REGIONAL airports, including Kerry, Galway, Donegal and Knock, face closure under Government plans to stop funding them in its capital spending programme for the next five years.

Regional airports face closure as funds cut

Under revised plans for the country’s infrastructure, the Government also dropped a number of ambitious transport projects announced with great fanfare in 2005 under the Transport 21 initiative which promised to deliver “world-class transport infrastructure”.

A railway line between Navan and Dublin has been dropped or indefinitely postponed, as has the third phase of the Western rail corridor between Tuam and Claremorris in Galway, which would have connected Limerick and Sligo by rail.

The Government has also called a halt to further extensions to the Luas system to City West, Bray and Lucan and a cross-city link between both lines.

A report published yesterday, Infrastructure Investment Priorities 2010-2016, said there is no longer a need for many of the planned transport projects.

“A significant fall in house completions and a reduction in numbers of people commuting owing to increasing unemployment will serve to dampen demand for public transport infrastructure in the short-medium term,” it said.

The Government will “reconsider the policy” of providing financial assistance to help the country’s regional airports, according to yesterday’s report.

A €2 million operational grant for six airports along the west coast is up for renewal at the end of this year.
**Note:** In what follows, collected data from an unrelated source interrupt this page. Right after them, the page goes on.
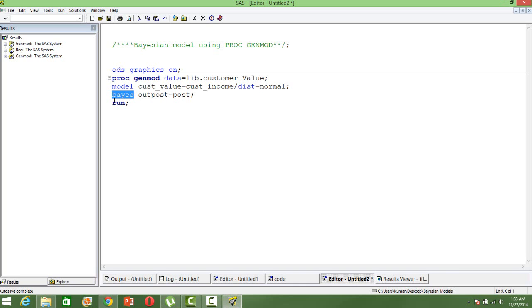So there will be some prior assumption on the estimate. We don't mention anything about the prior distribution. The default prior distribution will be used. The default prior distributions are normally.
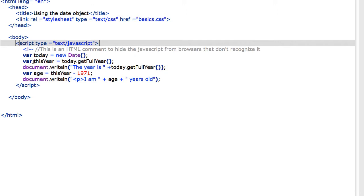I've got another variable, which I've named this year, which is today.getFullYear. That returns the year component of today's date.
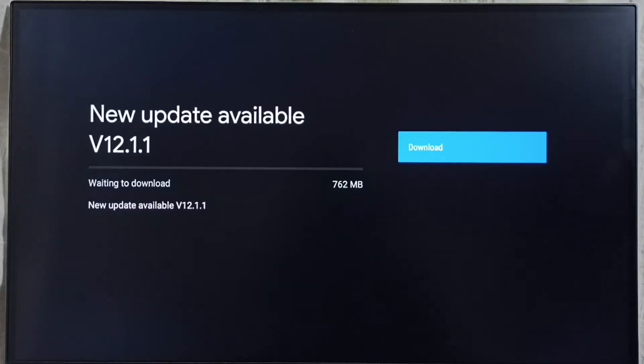On right side you can see one download button, select it. That way we can download and install this update into this TV.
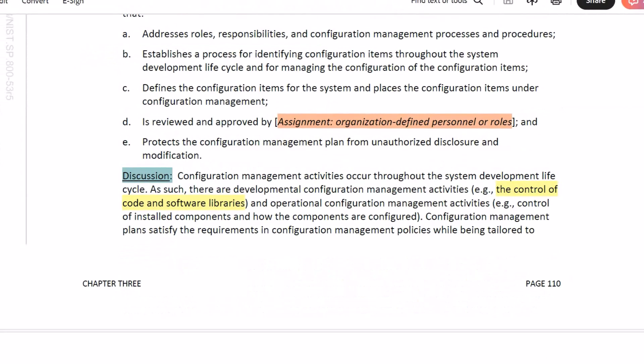The discussion — the everyday English explanation of the control — says: configuration management activities occur throughout the system development life cycle. As such, there are developmental configuration management activities (for example, the control of code and software libraries) and operational configuration management activities (for example, control of installed components and how those components are configured).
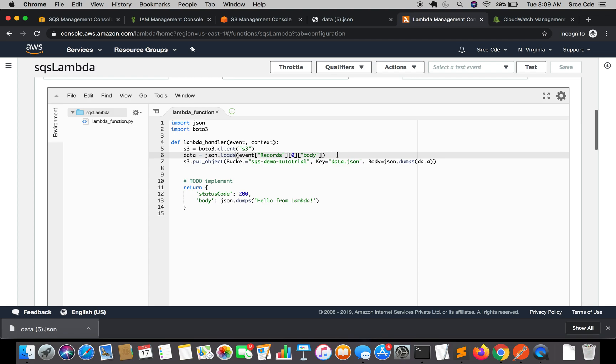SQS comes in handy for setting up data processing pipelines — for example, sensor data coming from an IoT device. It is also widely used in a variety of applications as a middleware. So that's how you can create an SQS queue and add a Lambda trigger. If you want me to do a tutorial on any use case or service, please leave it in the comments below and I'll try my best to come up with a tutorial as soon as possible. If you have any queries or comments, please leave them below and don't forget to like and subscribe to my channel.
The state also provides €15m a year to regional airports through what it calls Public Service Obligation (PSO) routes, mostly operated by Aer Arann.

The ending of the PSO routes was recommended by Bord Snip last July and Transport Minister Noel Dempsey said in February last year the subsidies could “no longer be justified”.

Yesterday’s report said: “The case for regional development of airports has been driven more as a supply rather than a demand-led policy, inspired by regional development goals rather than to satisfy the latent demand in the market.”

It said: “Given the much improved road and rail links – it is prudent to reconsider the policy at this time.”